# binders for making jerky



## frankg21 (Feb 19, 2015)

trying to make a jerky out of ground beef and can't get it to bind enough to use the jerky gun any ideas what to use?


----------



## gary s (Feb 19, 2015)

Cool let us know how it turns out, Probably some tips on here just use the search bar 

Gary


----------



## rgautheir20420 (Feb 19, 2015)

What fat ratio beef are you using? Can you explain you process a little further?

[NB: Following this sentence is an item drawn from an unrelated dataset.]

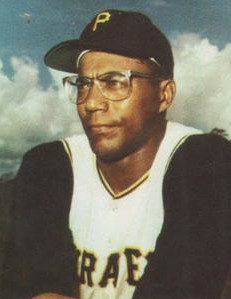 Bob Veale - Pittsburgh Pirates - 1966 (3x4 cropped).jpg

The meat should be mixed well enough until you can hang a ball of it upside down from your hand for a few seconds without it falling. To get this, you don't need a binder.


----------



## crazymoon (Feb 19, 2015)

FG, ditto on what RG says, seems awful lean beef if it doesn't  stick together?


----------



## gary s (Feb 19, 2015)

I'm watching and learning

Gary


----------



## 410mudslinger (Sep 23, 2019)

Just read this post, I know this is way behind. Let me tell you what I have found out, I have experimented with every kind of meat mixture you could possibly think of, from a little deer, beef, chicken, pork, turkey, from mixing all different quantities and I still couldn’t get it to stay together. I just took some off the dehydrator just plain beef, ground 2 times, 2nd time through a fine plate. The best seasoning I believe is through a company called “nesco”. I also started using a meat binder from a company called “butcher and packer”. I believe it is sodium phosphate and I add it after I mix my jerky seasoning, 1 teaspoon per 2 pounds of meat. I mix the jerky seasoning with a third cup of cold water per pound of meat, and after it is mixed I add the meat binder and mix it well with the meat. I use the $20 nesco jerky gun and I have had amazing results. Feel free to as me any questions you may have. In my opinion it makes an awesome product. Good Luck. Craig


----------



## daveomak (Sep 24, 2019)

Mix the meat until it gets sticky...


----------



## 410mudslinger (Sep 24, 2019)

Here is a pic of some of the finished jerky.


----------



## daveomak (Sep 24, 2019)

Looks good to me....  Looks like the stuff I make....


----------